Israel cans volunteer program for rights groups cited in UN report on Gaza
A day after the UN slammed Israel for failure to “revise its practice of airstrikes” against Palestinian civilians during Operation Protective Edge, Tel Aviv revoked slots at the civil rights groups which, it said, acted against the IDF in the UN.
The report, which was compiled by an independent UN commission of inquiry appointed by the UN Human Rights Council, heavily relied on testimony from leftwing Israeli NGOs, including B’Tselem and the Association for Civil Rights in Israel (ACRI).
Minister of Agriculture and Rural Development Uri Ariel, who is also in charge of the Authority for National Civic Service, ordered to cancel all national service programs for NGOs after the report came under fire in the Knesset, local media reported. B’Tselem was cited 72 and ACRI four times throughout the report. Both organizations currently receive National Service volunteers.
“The whole essence of national service is service for the State of Israel and its citizens,” Ariel said on Tuesday, the Jerusalem Post reported. “I will not allow under any circumstances a delusional reality in which Israel finances slots for young people who will act against its soldiers,” he added.
“We will not fund organizations like these no matter what legal acrobatics were done until now to make this bug kosher,” Ariel stated.
It's not the first time that B’Tselem has been heavily criticized for its activities. Last year National-Civilian Service Authority Director-General Sar-Shalom Djerbi attempted to revoke its national service slots, claiming its activity is aimed “against the State of Israel and IDF soldiers in Israel and around the world.”
READ MORE: 'Flawed & biased': Israel fires back at UN report accusing it of potential war crimes
Meanwhile, the UN report, published on Tuesday, accused both Israel and Palestinian armed groups of possible war crimes during the 2014 Gaza conflict, calling the devastation “unprecedented.” Israeli Prime Minister Benjamin Netanyahu fired back, saying “The report is biased. The commission that wrote it is under a committee that does everything but protect human rights.”
According to B’Tselem, Netanyahu’s “blanket rejection of the findings” is “hardly surprising.”
“The report holds him and other top military and government officials in Israel responsible for the horrifying, massive harm caused to civilians in Gaza in Operation Protective Edge,” the civil rights group stated. “The commission’s recommendation that the International Criminal Court in The Hague investigate possible breaches of the laws of war by Hamas and by Israel is primarily aimed at the leadership, both in Gaza and in Israel, and not at the troops themselves.”

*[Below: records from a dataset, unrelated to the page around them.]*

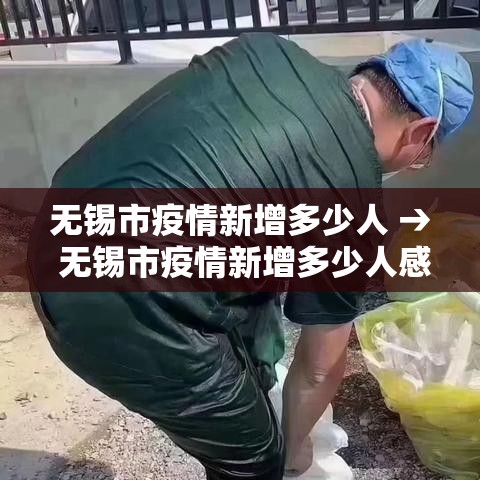 房卡必备教程“微信牛牛炸 金花房卡链接	”详细房卡使用教程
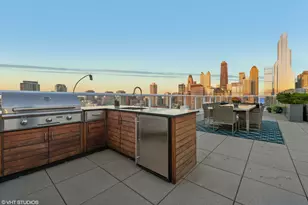 757 N Orleans St, Chicago, IL 60654 - Photo 30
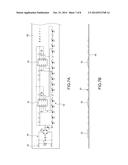 LIGHT MODULE WITH LINEAR LED SERIAL GROUP DRIVE DEVICE diagram and image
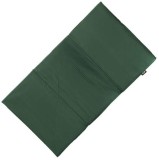 Podloška NGT Unhooking Mat 100x60cm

The UN commission determined that 1,462 Palestinian civilians were killed the Israel Defense Forces (IDF) during Operation Protective Edge, one-third of whom were children. That figure is significantly lower than previous estimates made by health officials, which reported more than 2,100 Palestinian deaths. The report also noted that hundreds of Palestinian civilians, particularly women and children, were killed in their own homes during Israeli airstrikes. According to the commission, 142 families lost three or more members in strikes on residential buildings. Those strikes killed a total of 742 civilians.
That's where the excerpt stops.